The current state of independent filmmaking is a strange and wondrous place. As digital cameras, editing software, and sound equipment have become higher in quality and cheaper to own, nearly anyone with a dream of making a film can make that dream a reality. The downside of this development is that there are a bunch of yahoos running around with cameras, but no story ideas, slapping together seventy five minutes worth of bad acting, listless action, and fleeting glimpses of nudity and calling it a movie. The independent film market is routinely flooded with these movies cluttering up Netflix and the Blu-ray shelves at the increasingly rare stores that still sell physical media. At first glance, it would appear that 2008’s YETI: A LOVE STORY and its 2017 sequel ANOTHER YETI A LOVE STORY: LIFE ON THE STREETS would fit into that category. That first glance would be wrong.
I am not saying that these films are unsung masterpieces of cinematic brilliance. What I am going to claim is that while the first movie’s production values were as amateurish as one would expect from that title, between the absurd story, near-constant barrage of tasteless jokes, mocking of romantic comedy clichés, and gratuitous gore & nudity, it merited being picked up for distribution by Troma. That bit of good luck for the filmmakers translated into just enough of a reputation for their film to produce a more polished sequel that improves on its predecessor across the board.
ANOTHER YETI A LOVE STORY: LIFE ON THE STREETS returns co-writer/directors Adam Deyoe & Eric Gosselin and co-writer/producer Jim Martin behind the camera and—considering the lengthy time between productions—surprisingly brings back three of the cast members from the first film. That consistency in casting and storytelling accounts for the film’s high hit-to-miss gag ratio and just straight-up weirdness.
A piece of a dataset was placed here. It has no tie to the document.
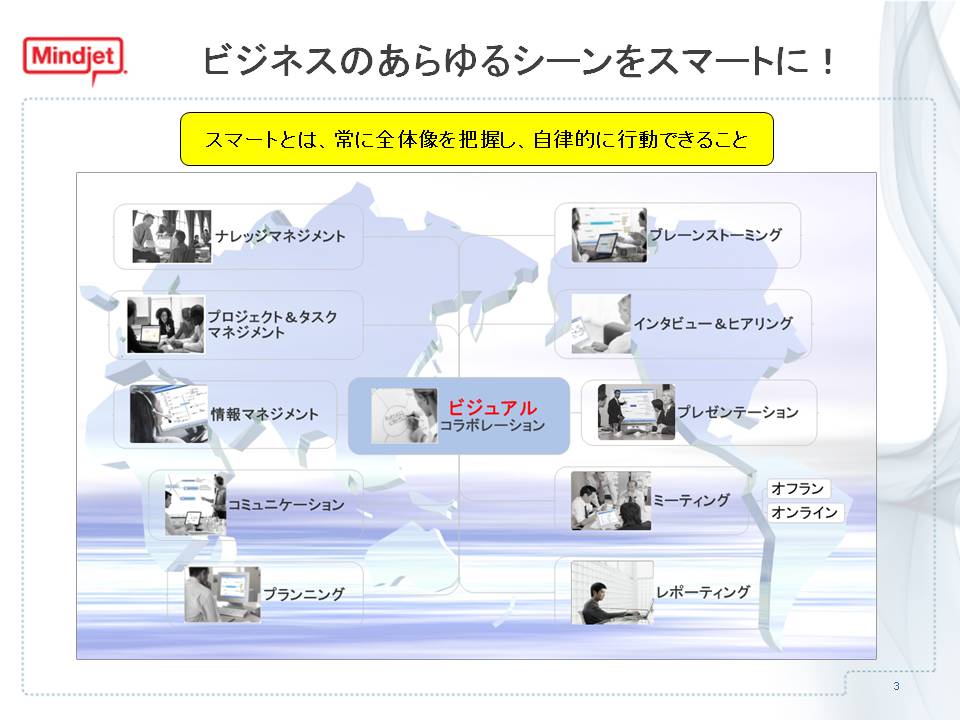 [055_Smart_Business_Scene.jpg]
LIFE ON THE STREETS picks up a few years after the events of YETI: A LOVE STORY. Adam (Adam Malamut) and Dick (David Paige), two of the survivors of the battle with a sadistic cult of yeti worshippers from the first film, have moved to Los Angeles. Adam has given birth to the yeti baby he was pregnant with at the end of the first film. Baby Yeti Eddie—as he is referred to by Adam—is apparently at toddler stage, but who can tell when it is simply an unconvincing puppet covered in white fur? Having never gotten over the death of his yeti lover in the first film, Adam is in an unfulfilling relationship with Alistair (Michael Price), a paraplegic man who considers being paralyzed to be the best thing that ever happened to him.
Dick has his own problems. Unable to maintain a consistent sex life since he fell in love with a member of the yeti cult who he eventually killed in the first film, Dick treats his current girlfriend Linda (Whitney Moore) with open contempt, making him even more of a jerk than he was in the first film.
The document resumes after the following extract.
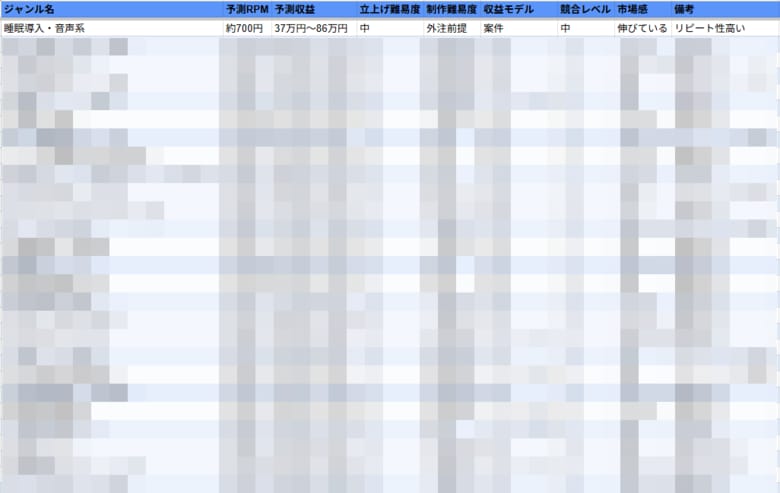収益を狙うならこの分野!YouTubeで伸びているジャンルを50種類に整理した資料を無料公開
When oily villain Pimp Billy Faunz (producer/writer Martin) kidnaps Baby Yeti Eddie, Adam and Dick spring into action—sort of. Despite being the protagonists of the film, they are still horrible people and find time to get distracted by potential new interests, including a yeti prostitute who may be the key to tracking down Pimp Billy—but not before Adam helps rehabs him from heroin addiction and engages in a sex scene that seems to take up a good chunk of the second act.
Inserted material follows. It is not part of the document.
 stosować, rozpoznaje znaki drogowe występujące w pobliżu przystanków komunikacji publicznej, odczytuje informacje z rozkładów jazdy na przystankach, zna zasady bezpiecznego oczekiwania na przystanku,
The plot of LIFE ON THE STREETS is surprisingly convoluted for a film that is primarily a delivery system for dick jokes. Not only is Pimp Billy a sleazy criminal, he has an evil plan of creating a race of yeti clones for a vague nefarious purpose. When most of those clones emerge from the womb malformed, they are tossed into a fetus shredder—which looks and operates exactly how you would imagine. The disgusting character of Sex Piss (co-writer/co-director Gosselin), returns from YETI: A LOVE STORY, despite ending that film stabbed in the stomach so many times that his intestines were hanging out. This time around, he gets to make out with his clone and manages to avoid most of the violence while working a menial job for Pimp Billy cleaning up the “jack off booths” at a strip club. There is even a time travel subplot, a cameo by Lloyd Kaufman, and a cliffhanger ending.
Is any of this extra plotting really necessary for a silly comedy about saving Baby Yeti Eddie? Of course not. But I appreciated the effort put into making the film as whacky and casually offensive as possible. The filmmakers clearly understand that being boring is absolute death for a film like this. Having watched too many dreadfully dull micro-budget exploitation films over the last ten years, I was simply happy to find myself laughing along with the filmmakers rather than constantly checking my watch.
And that is really the best thing about LIFE ON THE STREETS. You cannot judge it by any normal standards of film criticism. All that matters is getting the laugh. It achieves that goal with ease, even though I was slightly ashamed to find myself laughing at gags that should have stopped being funny when I was in middle school.
ANOTHER YETI A LOVE STORY: LIFE ON THE STREETS is now available on several digital platforms.